- [TASK BRIEF] The answer is a stretch of the material below, returned exactly: the line containing "Korczaka 30,30 m², Dąbrowa Górnicza", the line containing "Gardos riverview", and all lines between.

- [RECORDS SUPPLIED]
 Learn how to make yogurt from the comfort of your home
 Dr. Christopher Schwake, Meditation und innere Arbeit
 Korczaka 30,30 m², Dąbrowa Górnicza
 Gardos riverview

==

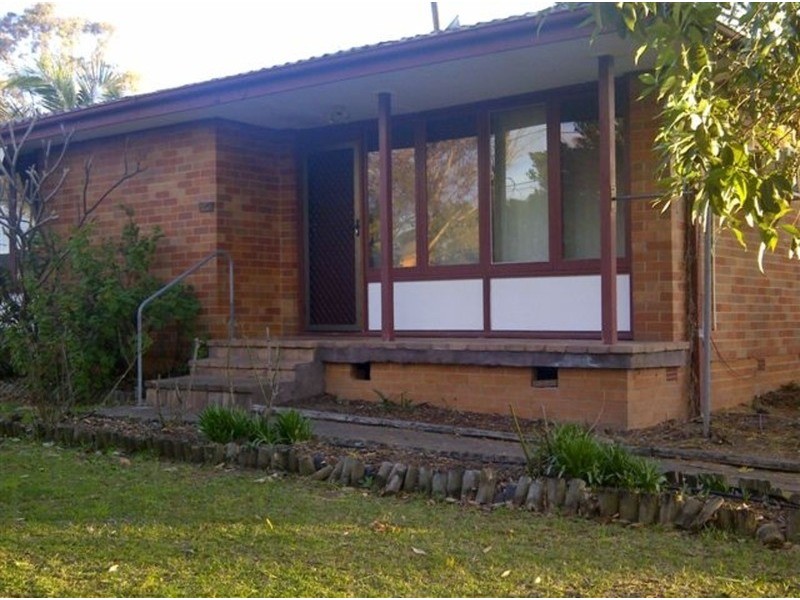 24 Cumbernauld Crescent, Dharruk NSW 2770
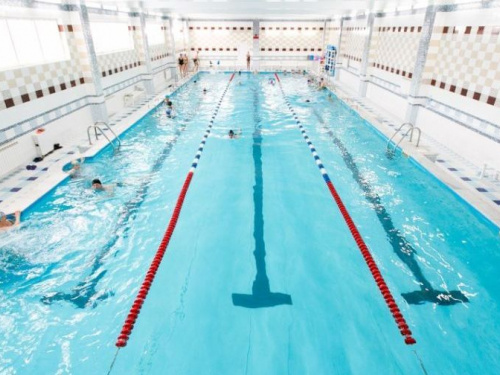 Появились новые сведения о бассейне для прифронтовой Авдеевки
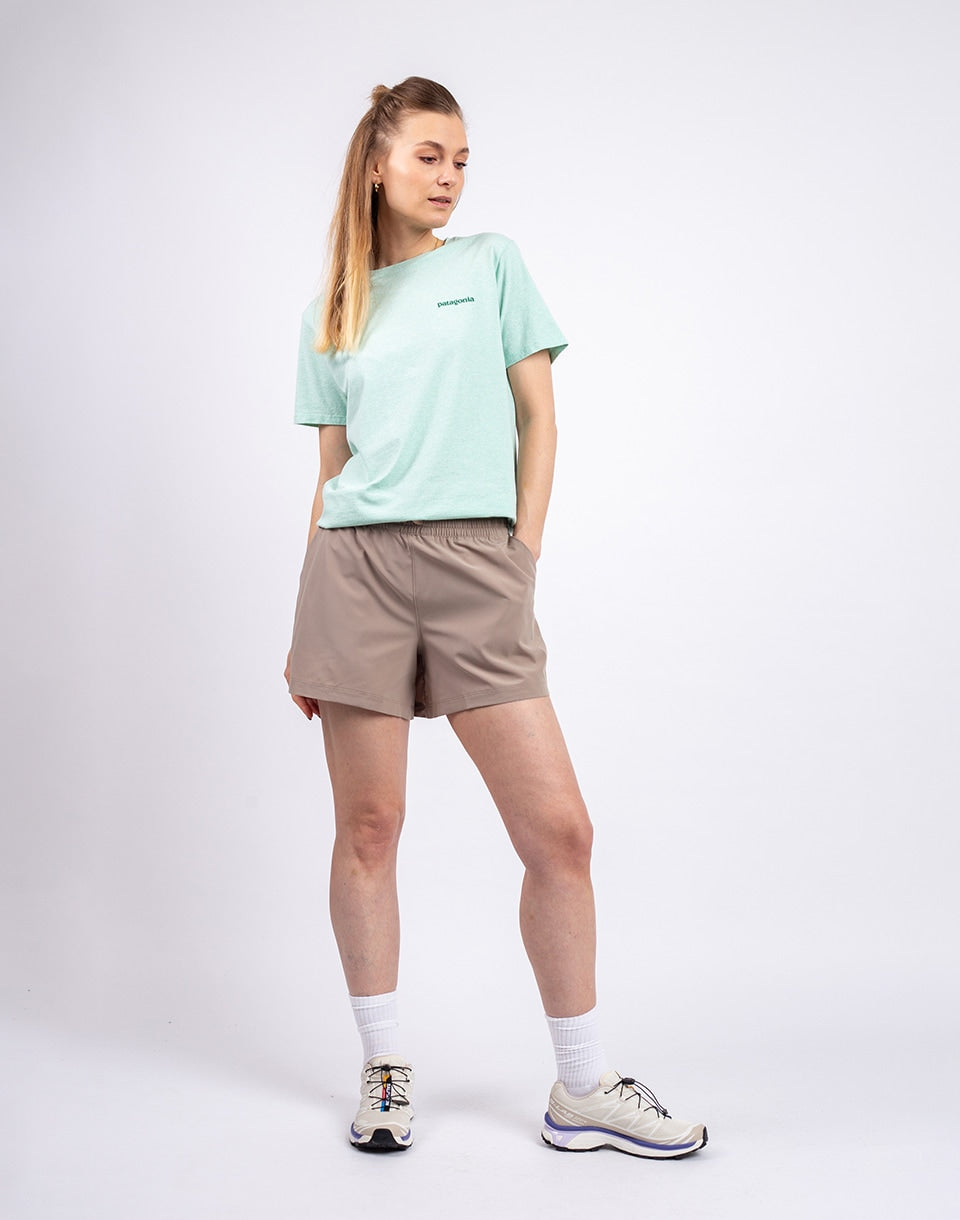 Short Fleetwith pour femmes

- [RESPONSE TO THIS EXERCISE]
 Korczaka 30,30 m², Dąbrowa Górnicza
 Gardos riverview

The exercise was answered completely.